That had to be nerve wracking. I can't even imagine. What if it hadn't have been there?
I think we had known that there were a tattoos
There. We knew he had tattoos, but we pulled the jail booking sheets to look at them.
We weren't sure exactly where if the location lined up exactly. It was a gamble to have him do it. But Emily did it just like it was a gamble to put county on. It all works out. We'll
Back to that. But Scott did a great job. He did. He not only would,
He didn't fall down
Down. He didn't fall down. That is correct. And we have witnesses fall off the stand.
What? And their pants fall down
And their pants fall down. Oh,
Come
On. No, this happened. So a witness, as they walked up to take a seat or walk, he was walking. We delayed court because he didn't have a belt.
No. This is one of those stories that just sticks with you. He was set to testify, let's say on Wednesday, but he didn't have any pants that were suitable for court until he got his check, and then he was going to go get some pants. So we had to kick his testimony until he was lovely. Thursday. He was a great guy.
He was.
He comes in on Thursday and he had found himself some pants. And he comes into court and as he is walking up to the witness stand, he trips and falls and his pants fell out. And I was just heartbroken. I just felt so bad for the guy.
He still got up and testified.
Testified great.
He jumped right up. He was fine, fine. He got up there, testified to what he knew too. But I mean, it was just, there were moments like that that kind of broke the tense air. And again, we don't want it to sound cold that we were laughing at parts of this in court, but when you're seeing the things and you're talking about the things you have to laugh at something to You have no, you
Must. You absolutely must. So who questioned Beasley?
Jon Cross-examined Beasley. I cross examined Brogan and Jon cross-examined Beasley.
So what was it like to cross Examinee? Brogan?

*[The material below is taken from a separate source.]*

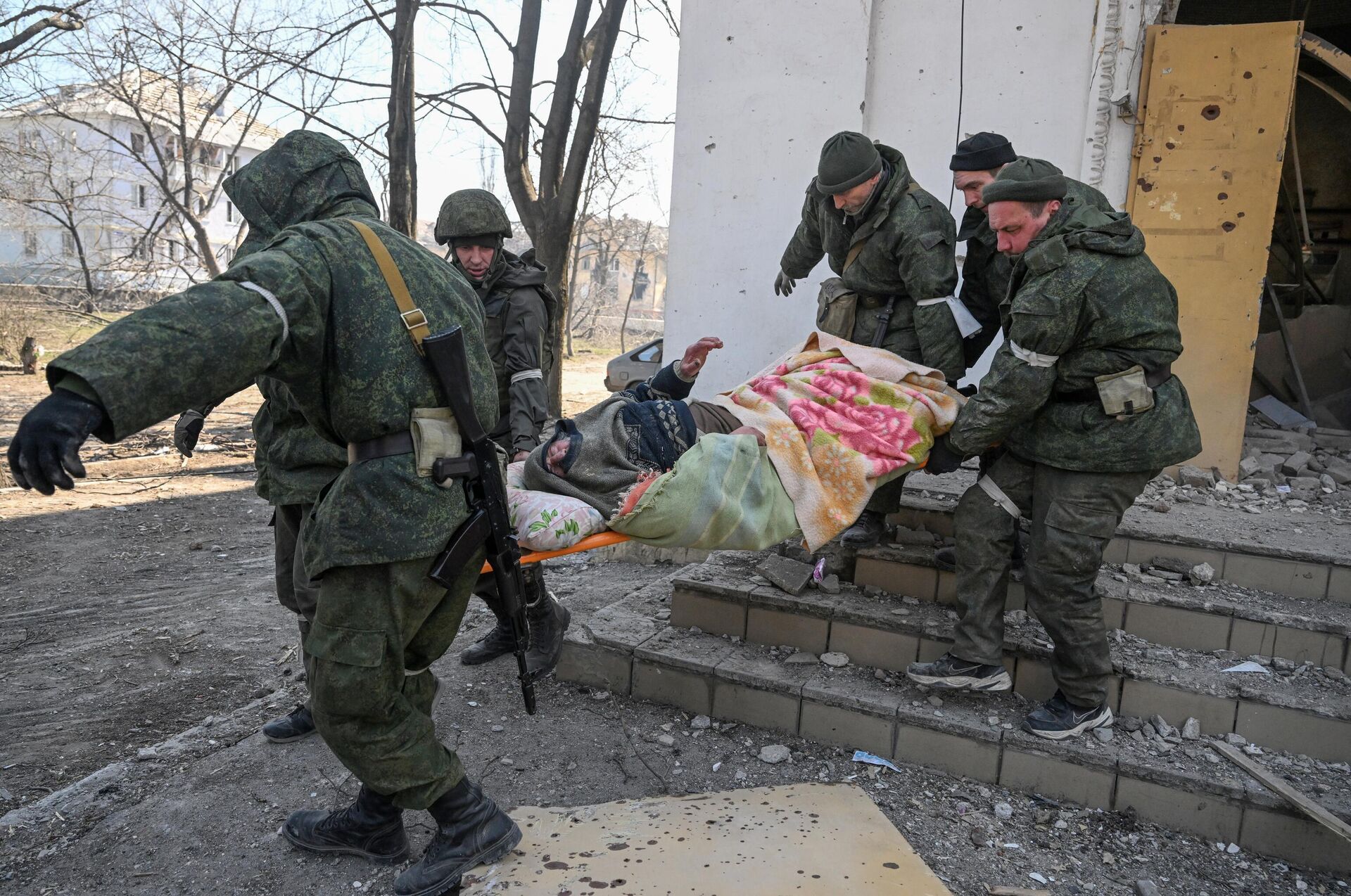 Военнослужащие Народной милиции ДНР эвакуируют пациентку городской психиатрической больницы №7 в Мариуполе - РИА Новости, 1920, 15.04.2022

It was fun. He didn't like me, so we went
At, you could tell from the get go.
Oh, we went at it right off the bat. My cross was not about actually getting anything from him. My whole goal was to piss him off.
Really? So how did you do that?
Just asked really short, direct questions. And he didn't like any of it. And I called him a liar on several different occasions. And it was probably not the most effective, but it was the strategy that I was going with at the time, probably could have done it much better. Kind of wish I had. But
We also had his statement where he confessed to everything.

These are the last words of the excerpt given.